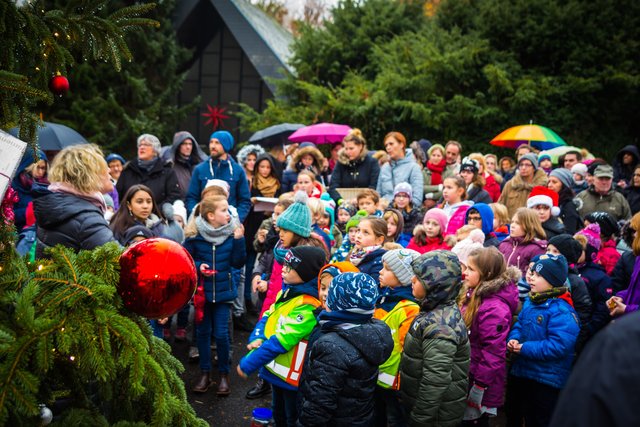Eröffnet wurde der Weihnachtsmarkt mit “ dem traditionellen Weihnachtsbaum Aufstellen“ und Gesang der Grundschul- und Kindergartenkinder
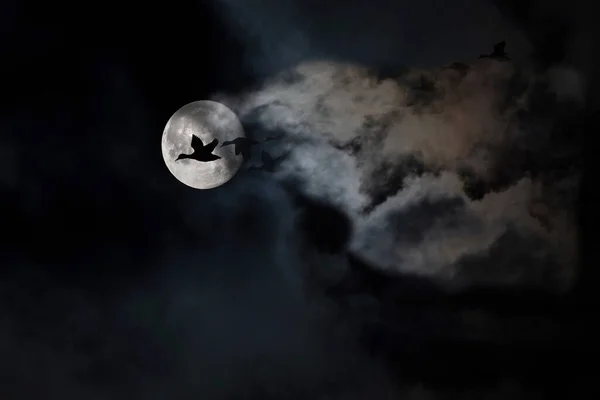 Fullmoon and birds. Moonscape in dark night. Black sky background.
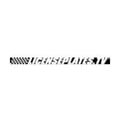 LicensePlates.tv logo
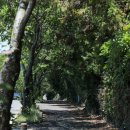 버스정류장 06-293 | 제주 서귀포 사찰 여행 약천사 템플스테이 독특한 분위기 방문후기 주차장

■ ■ ■ ■ ■

## TO DO
Retype all of the material above exactly; the pictures stay out.

## REPLY
Eröffnet wurde der Weihnachtsmarkt mit “ dem traditionellen Weihnachtsbaum Aufstellen“ und Gesang der Grundschul- und Kindergartenkinder
 Fullmoon and birds. Moonscape in dark night. Black sky background.
 LicensePlates.tv logo
 버스정류장 06-293 | 제주 서귀포 사찰 여행 약천사 템플스테이 독특한 분위기 방문후기 주차장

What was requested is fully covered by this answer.